Enclavado en el corazón de la comarca de Ordes, el municipio coruñés de Val do Dubra acoge cada verano una de las citas etnográficas más singulares de Galicia: la Festa do Fiado. Esta celebración, que rinde homenaje al ancestral oficio de hilar, se ha convertido en un referente cultural que atrae a visitantes deseosos de conectar con las raíces textiles y la vida tradicional de la Galicia rural. Durante una jornada, las calles y plazas de esta localidad se transforman en un museo vivo donde el lino, la lana y la destreza manual son los auténticos protagonistas.
Historia de la Festa do Fiado
El origen de la Festa do Fiado se remonta a finales de la década de 1990, cuando un grupo de vecinos, conscientes de que los saberes relacionados con el hilado artesanal estaban desapareciendo, decidió crear un evento que rescatara y pusiera en valor ese patrimonio inmaterial. Val do Dubra, bañado por los ríos Dubra y Barcala, siempre fue un territorio donde el cultivo del lino y la cría de ovejas proporcionaban la materia prima para una actividad que ocupaba los largos inviernos gallegos: el fiado.
Antaño, en cada aldea, las mujeres se reunían en los fiadeiros —espacios comunitarios, a menudo una cocina amplia— para hilar copos de lino o lana mientras compartían cuentos, cantigas y confidencias.

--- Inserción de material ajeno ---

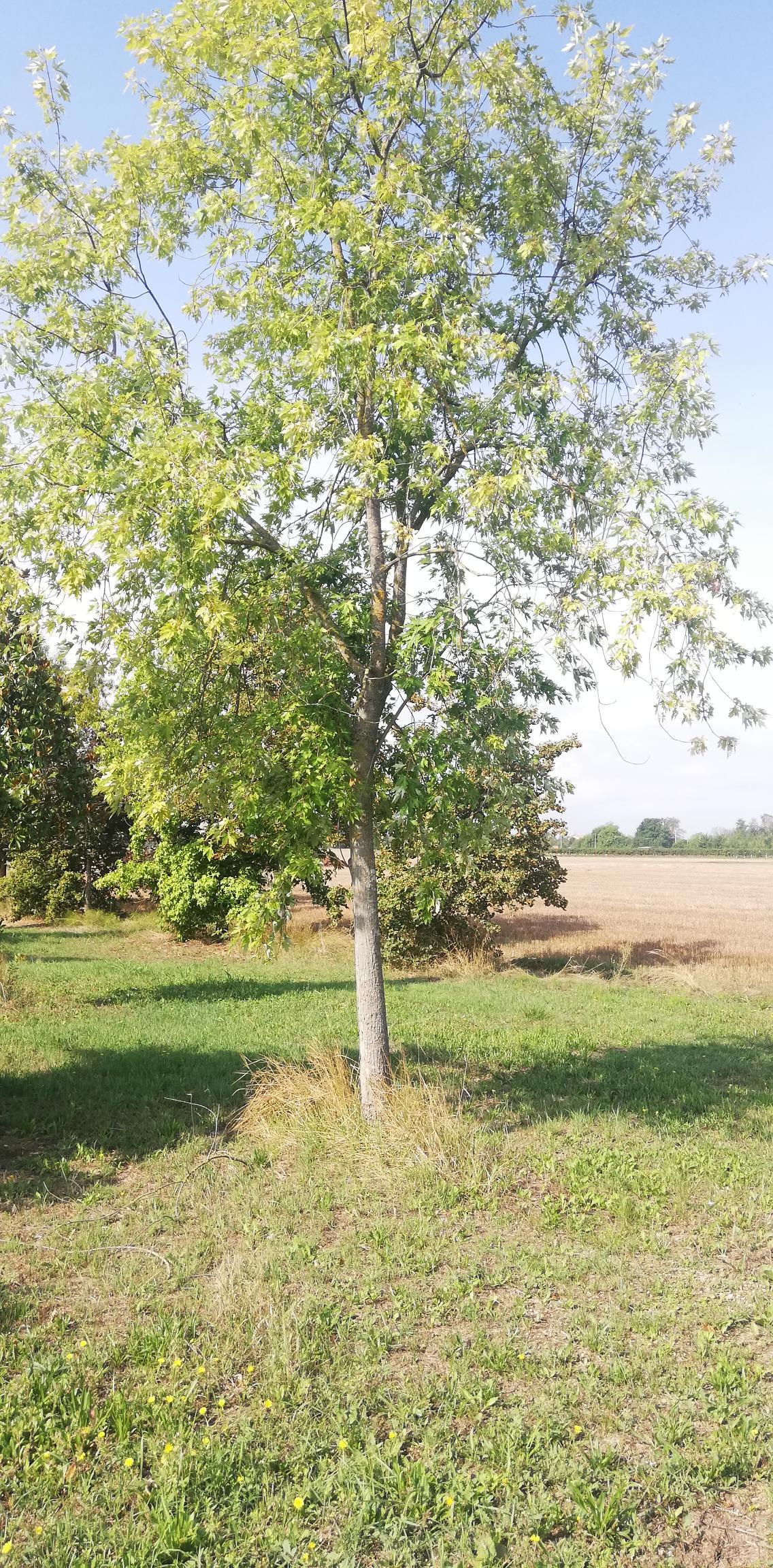 Giovane albero in un prato sotto una limpida luce del giorno, con altri alberi sullo sfondo.
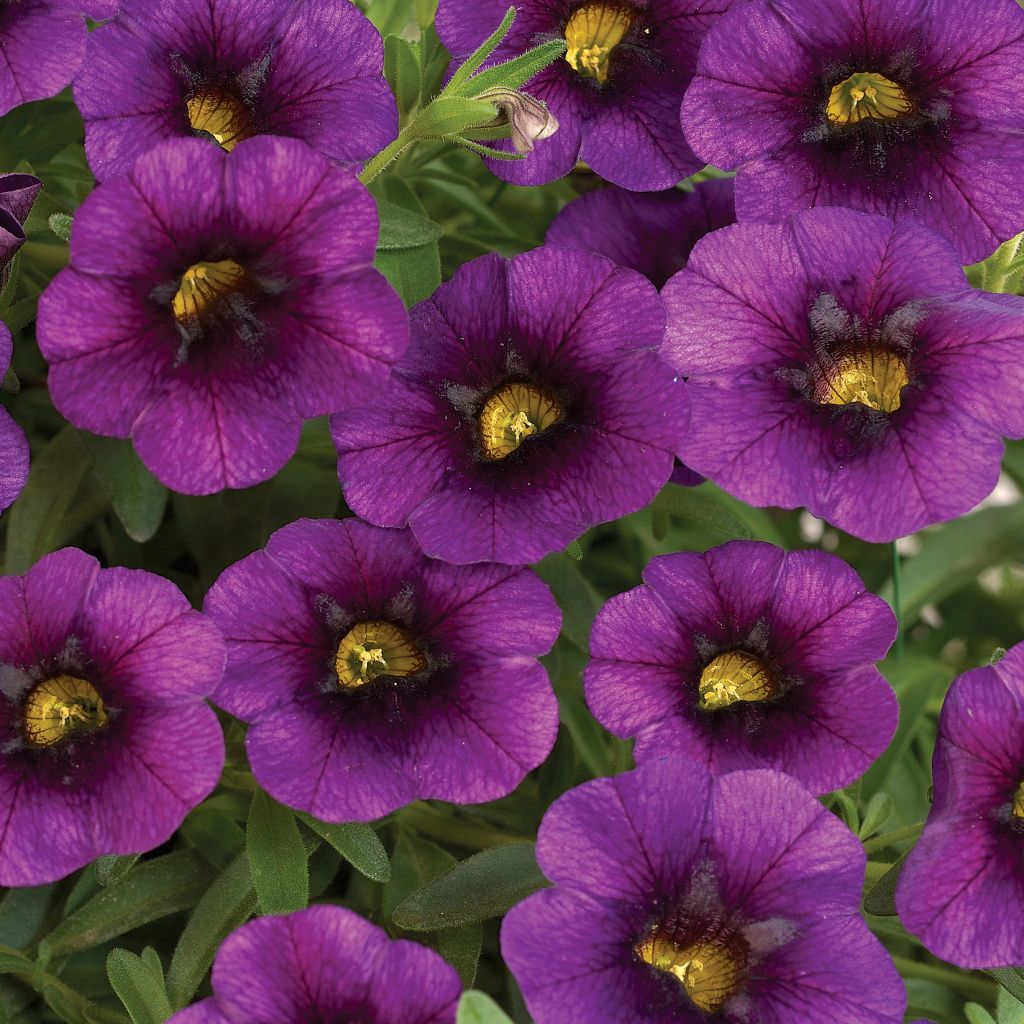 Calibrachoa hybrida Noa Ultra Purple - Trailing Petunia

La Festa do Fiado nació precisamente para recrear aquel ambiente de trabajo colectivo y transmisión oral, transformando lo que era una necesidad económica en una fiesta de exaltación cultural. Desde sus primeras ediciones, contó con el respaldo de la Asociación Cultural Santa Mariña y del Concello, y fue sumando participantes y actividades hasta convertirse en una cita fija del calendario festivo gallego.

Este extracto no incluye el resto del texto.